EXERCISE INSTRUCTIONS:
Beginning at the line that contains "不干胶烫金印刷,不干胶印刷烫金的正确方法", return every remaining line of the data below exactly; return nothing before it.

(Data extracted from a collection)
──────

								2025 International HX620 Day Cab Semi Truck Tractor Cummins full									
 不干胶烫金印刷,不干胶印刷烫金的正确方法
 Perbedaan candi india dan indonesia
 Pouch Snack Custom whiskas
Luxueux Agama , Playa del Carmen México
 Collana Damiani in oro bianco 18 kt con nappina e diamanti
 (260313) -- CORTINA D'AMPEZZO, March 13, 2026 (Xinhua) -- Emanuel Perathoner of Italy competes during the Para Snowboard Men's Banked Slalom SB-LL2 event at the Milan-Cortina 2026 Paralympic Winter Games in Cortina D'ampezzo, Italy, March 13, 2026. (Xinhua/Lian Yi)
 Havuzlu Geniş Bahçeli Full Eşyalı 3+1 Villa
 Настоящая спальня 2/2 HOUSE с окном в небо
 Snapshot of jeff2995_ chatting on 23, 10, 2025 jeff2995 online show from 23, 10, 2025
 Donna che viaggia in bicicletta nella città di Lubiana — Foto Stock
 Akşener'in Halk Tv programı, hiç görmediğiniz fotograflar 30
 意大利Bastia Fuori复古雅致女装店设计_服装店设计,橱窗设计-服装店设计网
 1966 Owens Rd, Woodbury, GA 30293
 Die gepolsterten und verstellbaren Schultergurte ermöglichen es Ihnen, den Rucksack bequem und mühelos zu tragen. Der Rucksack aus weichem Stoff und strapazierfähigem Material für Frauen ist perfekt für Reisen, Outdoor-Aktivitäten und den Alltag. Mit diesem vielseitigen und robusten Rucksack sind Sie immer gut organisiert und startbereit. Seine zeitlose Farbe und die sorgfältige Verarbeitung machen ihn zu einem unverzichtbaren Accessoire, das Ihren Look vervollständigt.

──────

REPLY:
 不干胶烫金印刷,不干胶印刷烫金的正确方法
 Perbedaan candi india dan indonesia
 Pouch Snack Custom whiskas
Luxueux Agama , Playa del Carmen México
 Collana Damiani in oro bianco 18 kt con nappina e diamanti
 (260313) -- CORTINA D'AMPEZZO, March 13, 2026 (Xinhua) -- Emanuel Perathoner of Italy competes during the Para Snowboard Men's Banked Slalom SB-LL2 event at the Milan-Cortina 2026 Paralympic Winter Games in Cortina D'ampezzo, Italy, March 13, 2026. (Xinhua/Lian Yi)
 Havuzlu Geniş Bahçeli Full Eşyalı 3+1 Villa
 Настоящая спальня 2/2 HOUSE с окном в небо
 Snapshot of jeff2995_ chatting on 23, 10, 2025 jeff2995 online show from 23, 10, 2025
 Donna che viaggia in bicicletta nella città di Lubiana — Foto Stock
 Akşener'in Halk Tv programı, hiç görmediğiniz fotograflar 30
 意大利Bastia Fuori复古雅致女装店设计_服装店设计,橱窗设计-服装店设计网
 1966 Owens Rd, Woodbury, GA 30293
 Die gepolsterten und verstellbaren Schultergurte ermöglichen es Ihnen, den Rucksack bequem und mühelos zu tragen. Der Rucksack aus weichem Stoff und strapazierfähigem Material für Frauen ist perfekt für Reisen, Outdoor-Aktivitäten und den Alltag. Mit diesem vielseitigen und robusten Rucksack sind Sie immer gut organisiert und startbereit. Seine zeitlose Farbe und die sorgfältige Verarbeitung machen ihn zu einem unverzichtbaren Accessoire, das Ihren Look vervollständigt.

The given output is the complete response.